Below are the records; copy every line in them that holds the string "Reprodução".
(Beginning of AVAILABLE DATA)
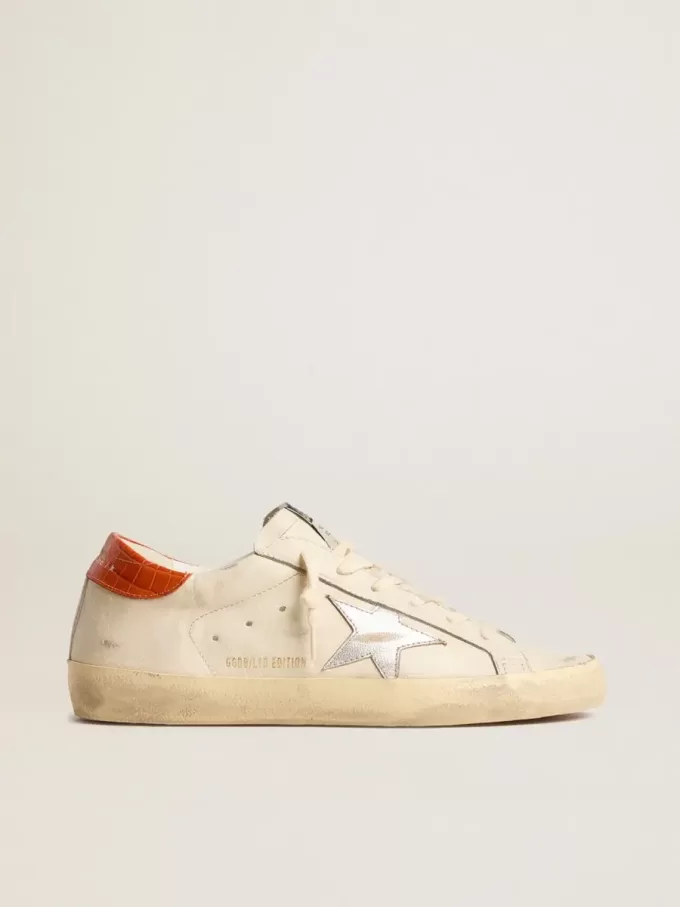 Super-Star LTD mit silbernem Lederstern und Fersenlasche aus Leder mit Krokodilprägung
(End of AVAILABLE DATA)
(Beginning of AVAILABLE DATA)
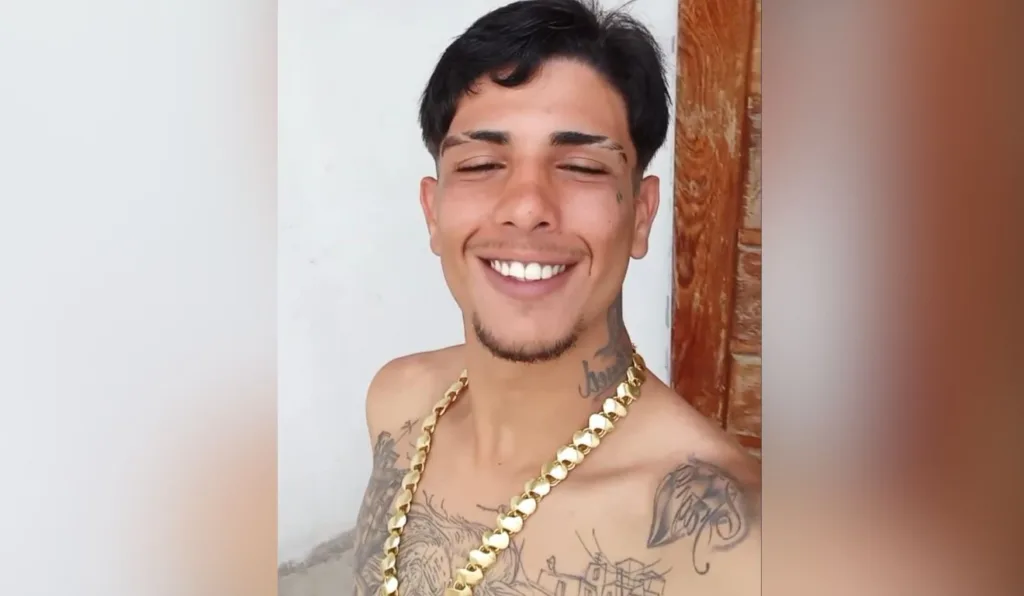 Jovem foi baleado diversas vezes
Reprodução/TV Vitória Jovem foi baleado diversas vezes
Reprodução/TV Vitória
(End of AVAILABLE DATA)
--- ANSWER SPACE ---
Reprodução/TV Vitória Jovem foi baleado diversas vezes
Reprodução/TV Vitória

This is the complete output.